Экспектация насилия не обязательно ведет к его нормативному оправданию. Тем не менее в таких ожиданиях имеется что-то вроде ис­полнения пророчества. Они могут отвлечь внимание от корректировки повторения основополагающих причин. Кроме того, люди с неустойчи­вым или внутренне противоречивым комплексом норм бывают довольно восприимчивы к восприятию в качестве собственных установок чужо­го опыта, особенно если этот опыт выглядит достаточно привлекатель­ным — такова, например, агрессия для тех, кто испытывает неудовлет­воренность условиями своей жизни. Моска называет такую предрас­положенность «миметизмом», определяя ее как «тенденцию страстей, сантиментов и убеждений индивидов развиваться в соответствии с хо­дом событий, превалирующих в окружении»28. Другими словами, если в обществе широко распространено недовольство, аномия становится обычным явлением, а политическое насилие — частым, то для аттитю­дов ожидания насилия существует тенденция к превращению в нормы, оправдывающие насилие. Процесс ожидания насилия — это уже оправ­дание насилия, и оно имеет тенденцию к самоувековечиванию, которая зависит от продолжительности какого-то уровня RD и от благоприят­ного баланса в других смыслах между стоимостью и выгодами для его участников.

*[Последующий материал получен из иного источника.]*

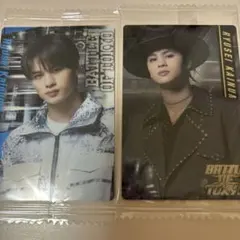 BOTウエハース海沼流星2枚セット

Если цена для участников оказывается высокой и если интенсивность депривации уменьшается без очевидной связи с приме­нением насилия, процесс, вероятно, будет заканчиваться.

Эта аргументация резюмируется в следующих гипотезах и выводах; «выводы» в данном случае обусловливают каузальные аргументы, из которых вытекает гипотеза J V.2.

Гипотеза JV.2. Интенсивность и масштаб нормативных оправданий политического наси­лия сильно изменяется с исторически сложившейся величиной политического насилия в коллективности.

Следствие JV.2.1. Чем чаще проявление конкретной формы политического насилия в коллективности, тем больше ожидание того, что оно будет повторяться. Следствие JV.2.2. Если ожидание насилия велико, интенсивность и масштаб норматив­ных оправданий политического насилия будет сильно меняться с интенсивностью и мас­штабом относительной депривации.

Масштаб оправданий, вероятно, изменяется с прошлыми уровнями политического насилия (гипотеза JV.2) на том основании, что чем бо­лее обычным было насилие, тем больше доля людей, которые, вероят­но, подвергались его прямому или опосредованному воздействию. Опе­рациональным вопросом является период, который должен рассматри­ваться при оценке «исторической величины насилия» (гипотеза JV.2) и «частоты» конкретного типа события (вывод JV.2.1). Коллективная память людей о революциях и гражданских войнах более длительна, нежели о беспорядках. Хронические мятежи в сельской и городской Англии с семнадцатого по двадцатое столетие, кажется, оставили незна­чительный идеологический осадок в современной Британии; а вот фран­цузская революционная традиция оправдывает студенческие и рабочие акции. Для подтверждения свидетельства традиций внутренних войн необходимо изучить период по меньшей мере в столетие, поскольку одного поколения должно оказаться достаточно для оценки историче­ской величины беспорядков.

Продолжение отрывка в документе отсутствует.